Still, elements of these samples have to come from somewhere. AJ might provide the words, but a whole host of producers bring their own flavour to the album too. Swifta Beater embeds “Doing It” with the same bolshy energy that made JME’s “Man Don’t Care” go as hard as it did. Conducta shines up “Ladbroke Grove” with the colourful fruitiness of UK garage via a sample from a prominent young UK singer – one you'll recognise when you hear the album. “What I’ve noticed about AJ is how his quickness and sharpness lyrically comes from the background of being a grime MC,” says Steel Banglez, who produced “Wifey Riddim 3”. “I don’t think it took him longer than half an hour to go through that song. He was so quick – it was mad.”

Impressively, AJ produces too. There’s “Tell Man Twice”, a collaboration with his cousin Big Zuu, from 2017, and “LA4AWEEK”, also from 2017, co-produced with Nyge, an old friend and producer of many tracks on this album as well as Smoke Boyz’s “Lock Arff”, among others. He tells me there’s a version of the album featuring half of his own beats, where he raps over his own production. Thing is, it wasn’t polished enough. He needs to put time in. “I want everyone to hear my production and realise it’s hard,” he says. So does this mean that one day we’ll see an AJ Tracey album with only AJ Tracey beats? “Yeah, I see that as my route.” He sounds confident. In fact, throughout our conversation, there’s not one moment when he doesn’t come across as self-assured.

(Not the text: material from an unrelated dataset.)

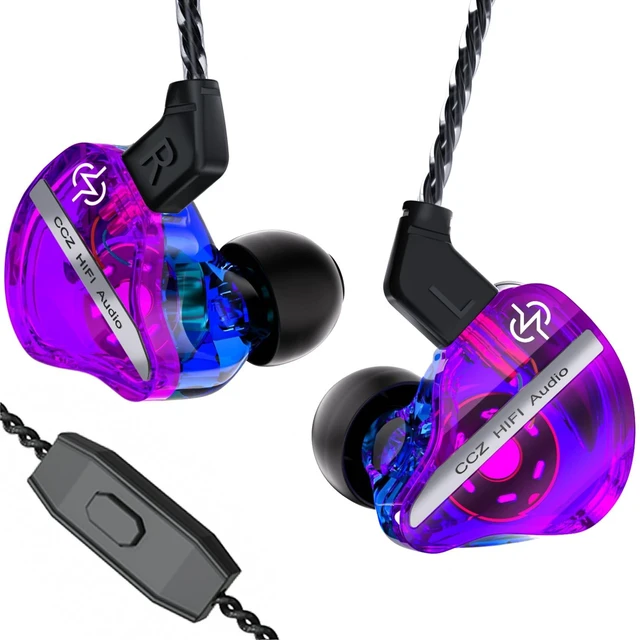 Main image of CCZ DC01 Pro Gaming Earbuds, Professional iem for Gaming, Super Bass in Ear Monitor Headphone Wired Earphone with 1DD, Patent Ear fin Eartips, for School Student Laptop Podcaster(Purple-Blue with mic)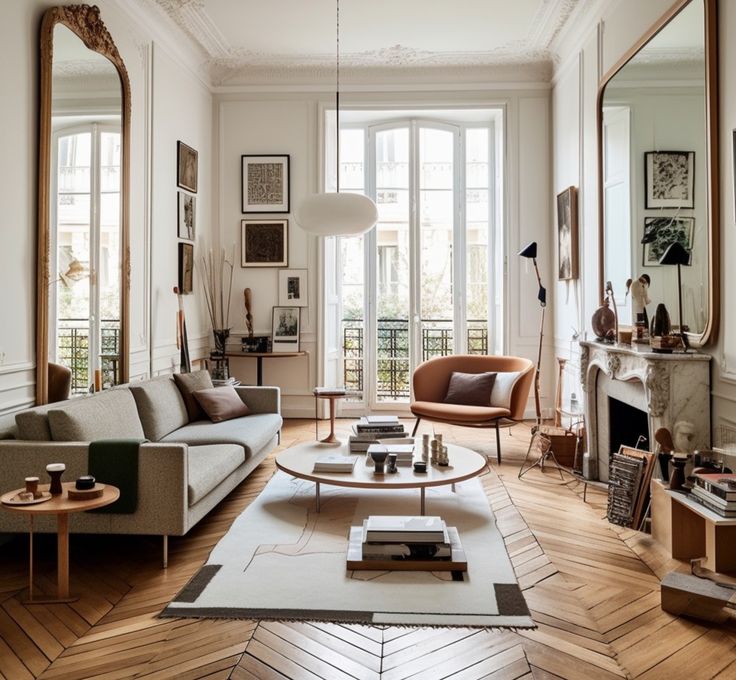 a living room filled with furniture and mirrors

He has good reason to feel that way too. Thanks to the streaming era, he’s already rich as fuck (he tells me he paid his rent in one yearly chunk). He’s as charming and endearing as he is self-assured – a confidence less aggressive than arrogance. There are lots of other qualities to him too but what I’m really getting at is that AJ Tracey is already a star. It would be dumb to suggest his love for gaming takes precedence over travelling the world via rap. Yet, there’s a sense that even if AJ didn’t have all that going for him – no GRM Awards, no sold-out tours – he’d still be the same person. There’s a specific air about him, one you feel in his kind yet mischievous presence, hear in his lyrics, see collected in his apartment. He loves to play the game and he wants to win. He wants to win it all.